To decide upon a place, we articulated what mattered to us: a great view of the fireworks over the Acropolis, terrific food a la carte, and some measure of glamour. After a great deal of research, we decided upon Strofi, a highly acclaimed restaurant right behind the new Acropolis Museum.

greeknewyearsI have to admit, I was worried. I couldn’t tell if the rave reviews were overstated, perhaps written by pedestrian tourists who would praise any old dolma or saganaki. But I decided we would brave it. It turned out to be fabulous, absolutely one of our best New Year’s experiences ever – and that’s really saying something because we have made some pretty wonderful December 31st memories (but that’s another post). We had a perfect view of the Acropolis, and although the Greek government doesn’t have the money for an American-style firework extravaganza, the spectacle is emblazoned in my mind as a glorious combination of the ancient and the modern. We popped a bottle of good champagne and listened to the Greeks sing some happy, traditional songs. There were no downsides to this meal or to the restaurant itself. We would go back without hesitation.

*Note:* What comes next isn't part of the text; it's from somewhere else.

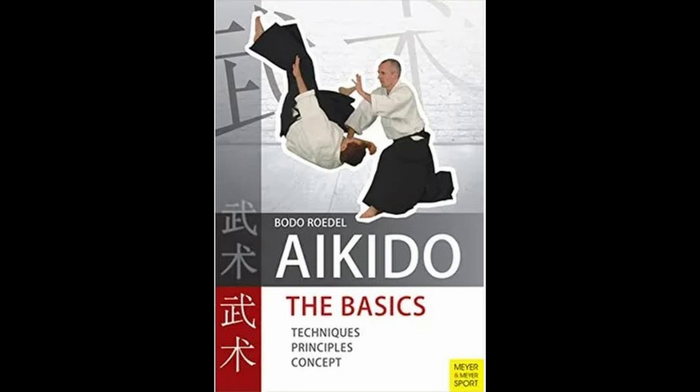Apologies if I mispronounce the name. It was originally published in 2009; my copy was published in 2011. I believe it was originally published in German — Mr. Rodel is from Germany. As for Mr. Rodel himself, he began training Aikido in the 1970s and has practiced ever since then.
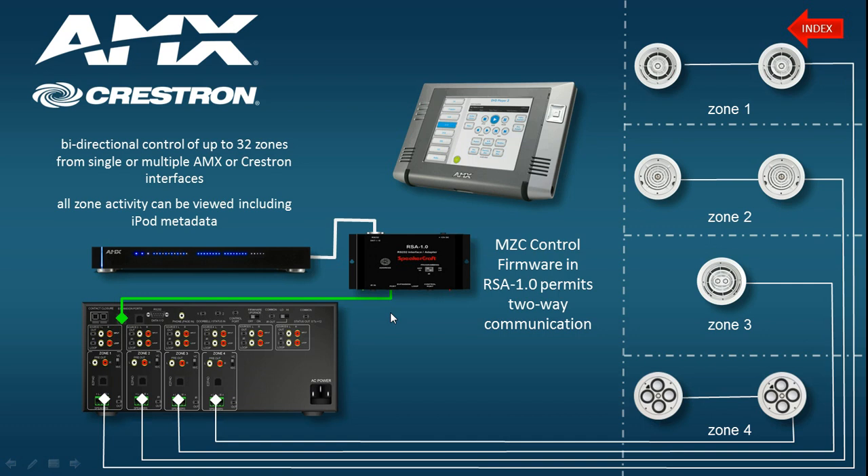Now let's look at the actual programming required to make this work. Before doing so, I want to point out that there are many different control systems you might be using as a third-party control system. Please read the notes provided by the specific manufacturer of the driver for the control system in question, as they may vary slightly in terms of implementation. What I'm going to teach you is the most commonly used method, starting from a default template downloadable from our site under SpeakerCraft, then Useful Information and MZC Programming Software.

The more earthy experience of 2 years ago:

When Jamil and I went as a twosome, we were looking for the nitty-gritty New Year’s Eve of the Athenian people. We went out around 11:30 and perused the streets of Monastiraki (possibly a dangerous choice, but we were keeping a low profile). All of the restaurants were packed with families and couples, with solitary musicians strumming guitars and singing folk songs. We selected a small restaurant on the corner of Ermou Street, called Dipylo. There were people of all ages, and they literally smoked and partied until the sun came up. I remember eating a simple Greek meal that night, nothing fancy, and drinking Greek table wine. However simple the fare, we were surrounded by an element of authenticity that I have rarely experienced on New Year’s Eve. In fact, you’d be hard pressed to find such an opportunity in a snootier European city. Athens is, for at least a little while longer, a forgotten paradise.